Il faut bien admettre que le « blend » est resté, dans l’esprit des gens de la profession, un moyen de camoufler des défauts voire de gagner de l’argent. Alors que l’enjeu est vraiment ailleurs.

 

Coffee Lounge : C’est-à-dire ?

Noa Berger : Disons que la question se pose aussi dans ces termes : Quelle est la place du « blend » et quelles sont les perspectives qui s’ouvrent à cette pratique aujourd’hui ?

Il y a bien une idée de rendre le café plus démocratique et gommer peu à peu une certaine forme de snobisme. Car l’Assemblage est aussi un excellent moyen d’assurer de la consistance et de rendre l’accès au bon café plus simple. Tout en garantissant une plus grande transparence quant aux pratiques de sa « supply chain ».

 

Coffee Lounge : Le choix entre « Single Origine » ou « Blend » ne devrait donc pas créer le clivage que l’on connaît…

Noa Berger : Il y aura toujours le débat avec son point de vue sociologique. D’un côté, l’Assemblage : pour ou contre. Et en face, l’origine : pour ou contre.

Mais on préfère quand même considérer que le Blend permet de valoriser le travail de l’artisan-torréfacteur et même de marquer le marché de son empreinte.

 

 

Coffee Lounge : La pratique du « Blend » est aussi culturelle, n’est-ce pass ?

Noa Berger : C’est certainement vrai. Il faut sans doute prendre escompte l’approche géopolitique du café qui a permis des approvisionnements et des manières de faire et de consommer induites par ces situation. On remarque par exemple, que dès les années 1920, le café aux Etats-Unis s’est propagé grâce à un accès facilité aux productions brésiliennes. C’est sans doute ce qui a favorisé aussi quelques années plus tard le déploiement du café soluble qui a pour origine le Brésil.

On peut transposer l’analyse au cas du café en France dont les colonies en Afrique de l’Ouest ont leur influence dans la propagation des mélanges Arabica/Robusta.

 

 

Coffee Lounge : A propos de culture, revenons pour terminer à Israël, quelles sont les préférences de consommation du café ?

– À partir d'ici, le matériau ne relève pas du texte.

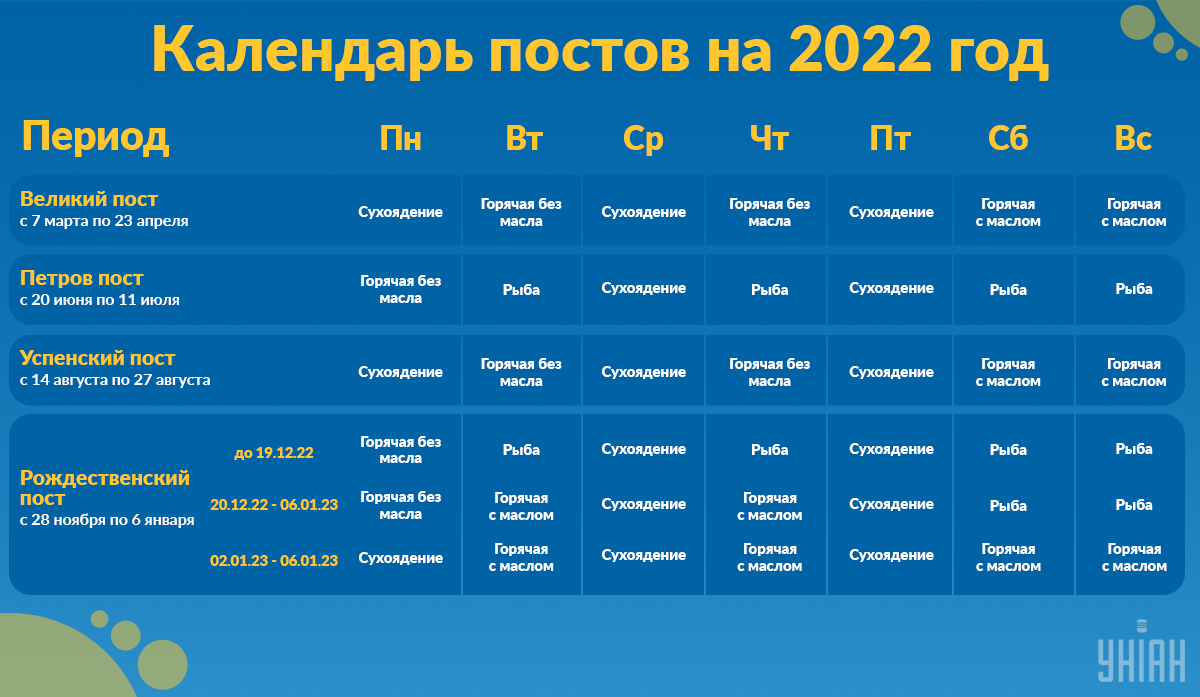График постных дней в 2022-м году / Инфографика УНИАН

Noa Berger : Déjà, il n’y a pas de snobisme autour du Café de Spécialité, sans aucun jugement de valeur. On admet tous les styles de torréfaction. Même si la tendance est de pousser la cuisson vers le sombre. Cette ouverture d’esprit se traduit par une diversité des gammes et de l’offre. Nous constatons une culture du Coffee Shop qui mêle à la fois consommation sur place et à emporter. Nous n’envisageons pas le Coffee Shop sans rien à manger.

 

 

Coffee Lounge: Et côté café, vous expliquiez être un carrefour de rencontres. Comment cela se traduit-il ?

Noa Berger : Ah oui… c’est le café noir à la cardamome qui domine ici. Et puis, on peut goûter au café yéménite (Khamaneje) et même à certains endroits, assister au rituel du café à l’Ethiopienne. Par ailleurs, peu de capsules sont en circulation, ceci étant dû à notre conscience écologique.

 

 

*Ecole des Hautes Etudes en Sciences Sociales

 

 

 

 

 

Exergues

 

L’Assemblage est aussi un excellent moyen d’assurer de la consistance et de rendre l’accès au bon café plus simple

 

Il n’y a pas de snobisme autour du Café de Spécialité, sans aucun jugement de valeur.